--- START ---

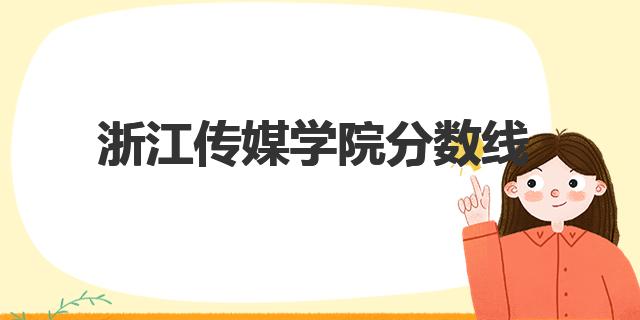 2022浙江傳媒學(xué)院分?jǐn)?shù)線是多少分（浙江傳媒學(xué)院簡(jiǎn)介）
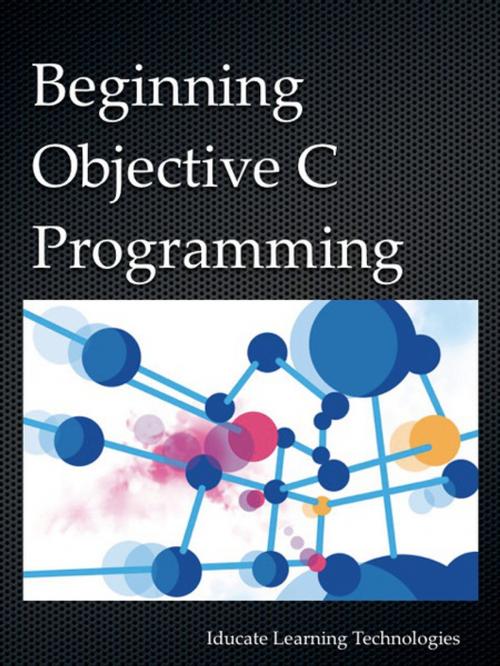 Cover of the book Beginning Objective C Programming by Iducate Learning Technologies, Iducate Learning Technologies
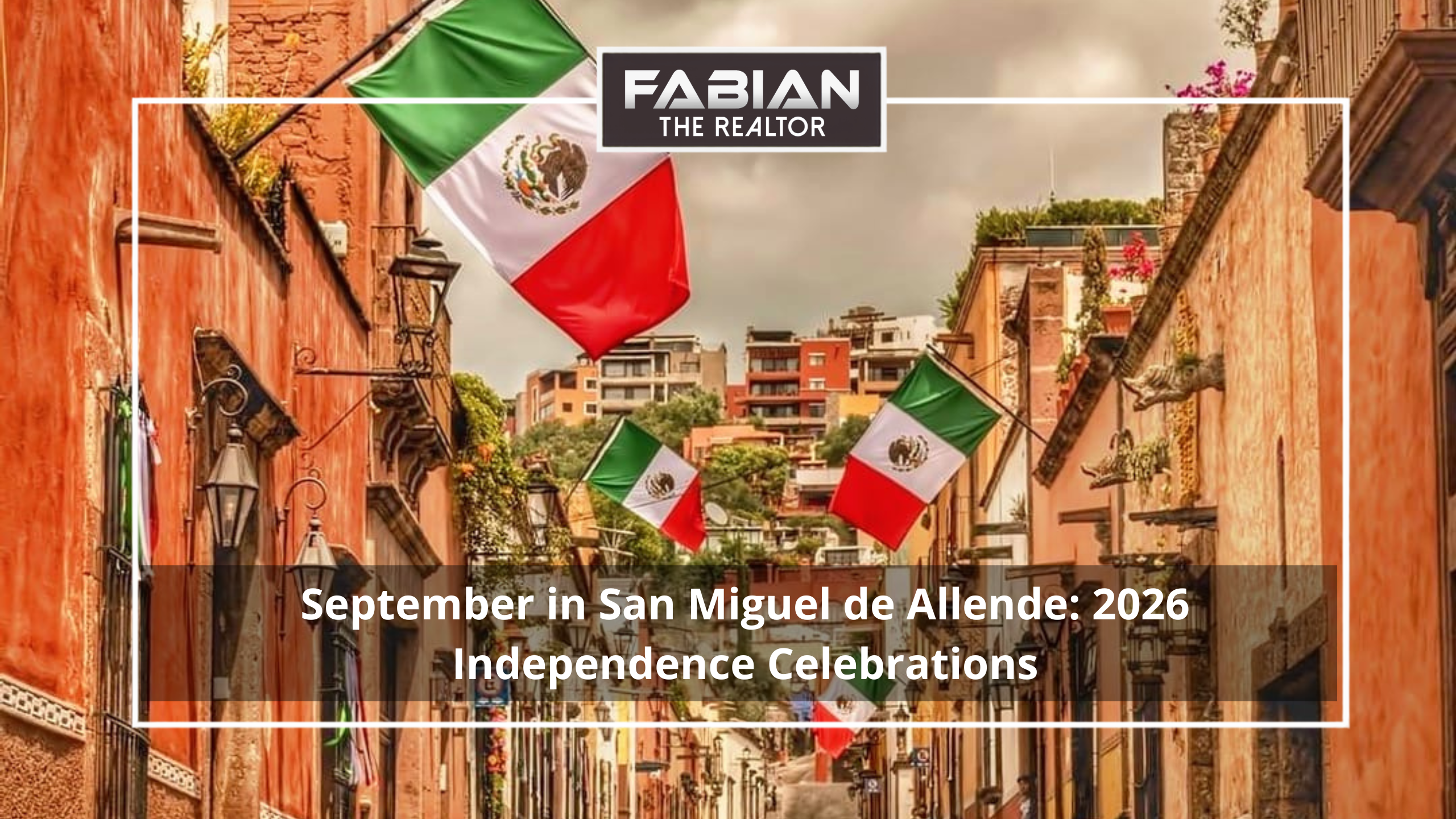 September in San Miguel de Allende: History, Tradition, and the 2026 Independence Celebrations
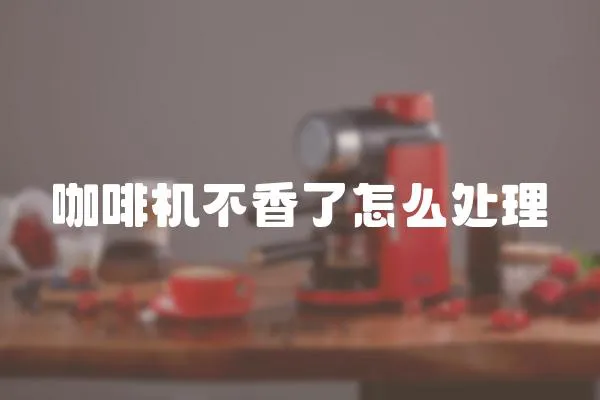 咖啡機不香了怎么處理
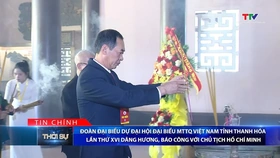 Bản tin Thời sự tối 28/11/2025: Đoàn đại biểu dự ĐHĐB MTTQ Việt Nam tỉnh Thanh Hóa lần thứ XVI báo công với Chủ tịch Hồ Chí Minh
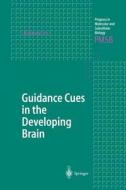 Guidance Cues in the Developing Brain edito da Springer Berlin Heidelberg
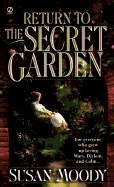 Return to the Secret Garden - Moody, Susan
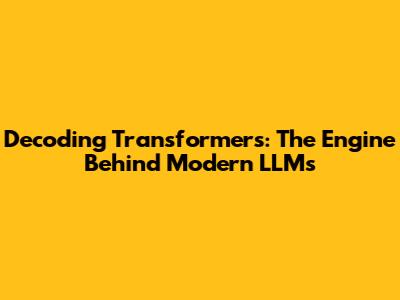 Decoding Transformers: The Engine Behind Modern LLMs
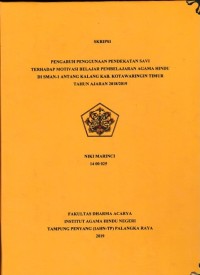 Pengaruh Penggunaan Pendekatan SA VI terhadap Motivasi belajar PembelajaranAgama Hindu Di SMAN-1 Antang Kalang Kab.Kotawaringin Timur Tahun Ajaran 2018/2019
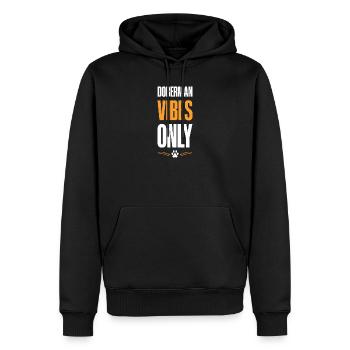 Dobermann Vibes Only - Männer Premium Bio Hoodie - Schwarz - Vorne - Nico (187cm)
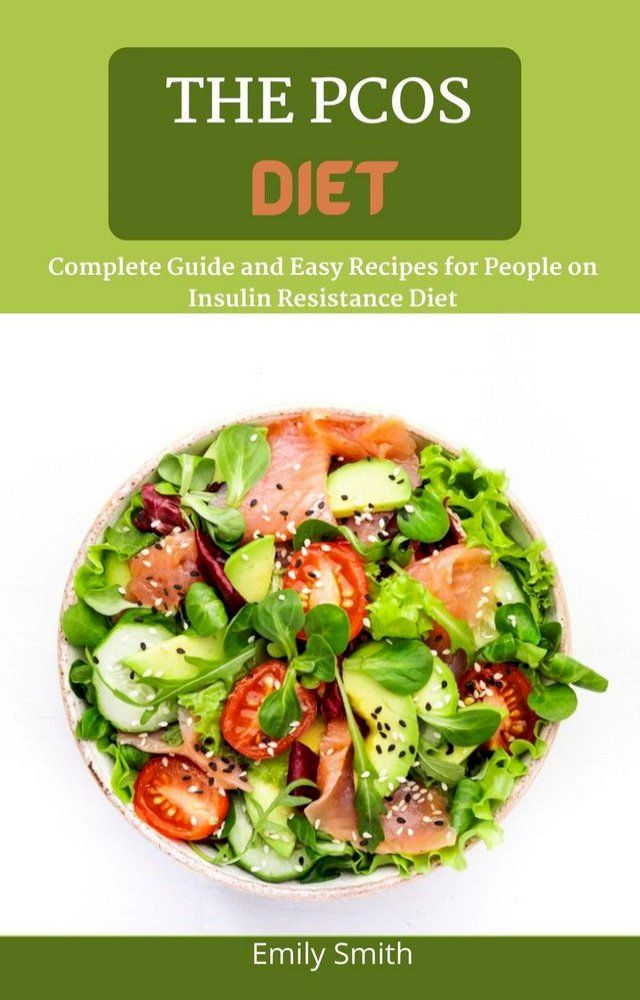  The Pcos Diet: Complete Guide and Easy Recipes for People on Insulin Resistance Diet(Kobo/電子書)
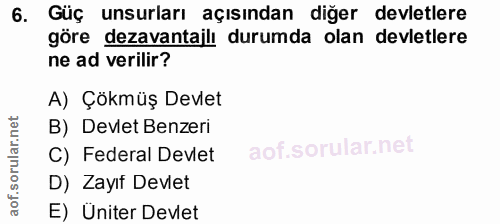 6. soru: Güç unsurları açısından diğer devletlere göre dezavantajli durumda olan devletlere ne ad verilir? A) Çökmüş Devlet B)…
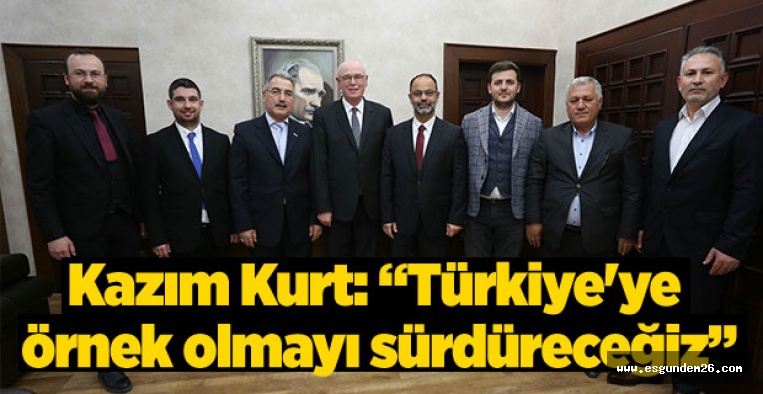  “TÜRKİYE'YE ÖRNEK OLMAYI SÜRDÜRECEĞİZ”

--- END ---

Directions » Copy every record exactly, leaving the pictures out.

Response to the exercise »
 2022浙江傳媒學(xué)院分?jǐn)?shù)線是多少分（浙江傳媒學(xué)院簡(jiǎn)介）
 Cover of the book Beginning Objective C Programming by Iducate Learning Technologies, Iducate Learning Technologies
 September in San Miguel de Allende: History, Tradition, and the 2026 Independence Celebrations
 咖啡機不香了怎么處理
 Bản tin Thời sự tối 28/11/2025: Đoàn đại biểu dự ĐHĐB MTTQ Việt Nam tỉnh Thanh Hóa lần thứ XVI báo công với Chủ tịch Hồ Chí Minh
 Guidance Cues in the Developing Brain edito da Springer Berlin Heidelberg
 Return to the Secret Garden - Moody, Susan
 Decoding Transformers: The Engine Behind Modern LLMs
 Pengaruh Penggunaan Pendekatan SA VI terhadap Motivasi belajar PembelajaranAgama Hindu Di SMAN-1 Antang Kalang Kab.Kotawaringin Timur Tahun Ajaran 2018/2019
 Dobermann Vibes Only - Männer Premium Bio Hoodie - Schwarz - Vorne - Nico (187cm)
  The Pcos Diet: Complete Guide and Easy Recipes for People on Insulin Resistance Diet(Kobo/電子書)
 6. soru: Güç unsurları açısından diğer devletlere göre dezavantajli durumda olan devletlere ne ad verilir? A) Çökmüş Devlet B)…
  “TÜRKİYE'YE ÖRNEK OLMAYI SÜRDÜRECEĞİZ”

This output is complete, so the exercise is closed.